As part of its $6 billion buyout of rival Office Depot (NASDAQ:ODP), the office supplies leader had originally agreed to divest as much as half of Office Depot's assets to allay any antitrust concerns at the Justice Department. By subsuming Office Depot, Staples will be the last remaining national brick-and-mortar office supply retailer left in the market, and while the number of stores operated by one company is a concern, it may be the commercial contract market, where Staples and Office Depot derive around 40% of their total sales, that could be the biggest worry.
That's because although there might be just one national office supplies retailer after the merger, customers still have a lot of choice in the marketplace where they can buy reams of paper, pens, and paper clips. It was the growth of competitors like Wal-Mart, Target, and even Amazon.com that helped to depress the specialized office supplies retailers and made consolidation in the industry necessary.
Yet it was also why the FTC allowed Office Depot to acquire Office Max in 2013, when it had previously denied Staples' attempted acquisition of Office Depot six years earlier. The competitive landscape has changed appreciably over time for office supplies stores, but there aren't the same opportunities for shopping around in the commercial contract market.
The Wall Street Journal recently said that in negotiations with trade regulators, Staples was willing to transfer to Essendant (NASDAQ:ESND) (previously known as United Stationers until last month) up to $600 million worth of commercial contracts, but apparently, that still isn't enough to sway them.
It has been rumored for a while that the merger is standing on shaky legs, with the New York Post having said that in September, a Post-It note allegedly attached to the merger's file was marked "No deal". And just the other day, the newspaper reported the FTC was "ramping up for litigation", meaning it was preparing to quash the deal, which is why Staples may be forced to shed even more businesses from the combined entity.
Essendant itself hasn't said whether it stands to gain from the merger, reportedly noting during the company's third quarter earnings conference call with analysts that it "would be open to acquisitions", but as the deal deadline approaches, chatter is growing that the sale of commercial contracts business will happen.

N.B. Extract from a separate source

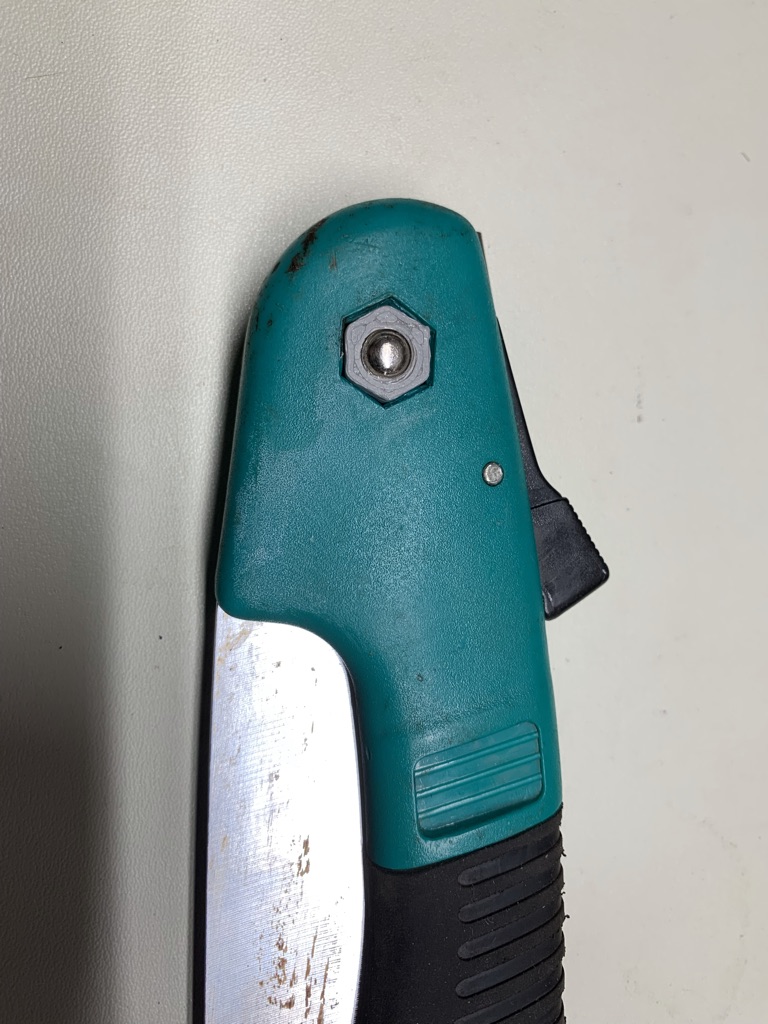 Replacement nut for Pruning Saw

The FTC has several routes it can take. It can approve the deal as-is (though that seems increasingly unlikely), it could push for modifications to the deal, or it could sue to stop the deal. That last option seems to be the way the regulators are leaning, and Staples could face just as difficult a task getting European regulators on board as it is having here in the U.S.
While investors were heartened by the reports that Staples was willing to divest more assets, pushing its stock 3% higher on Friday, they should perhaps be more worried about the deal. Staples has a poor record of incorporating big mergers, as its purchase of Corporate Express a few years back proves, and there is still the ticking time bomb of liability surrounding the data breach that occurred at its tiny PNI Digital Media subsidiary in July that affected the photo processing websites of Wal-Mart, Costco, CVS Health, and more. Wal-Mart's Canadian site is apparently still down.
While regulators have a poor record of picking winners and losers in the marketplace, if they ultimately do decide to quash the Office Depot acquisition, it could end up being the right decision made for the wrong reasons.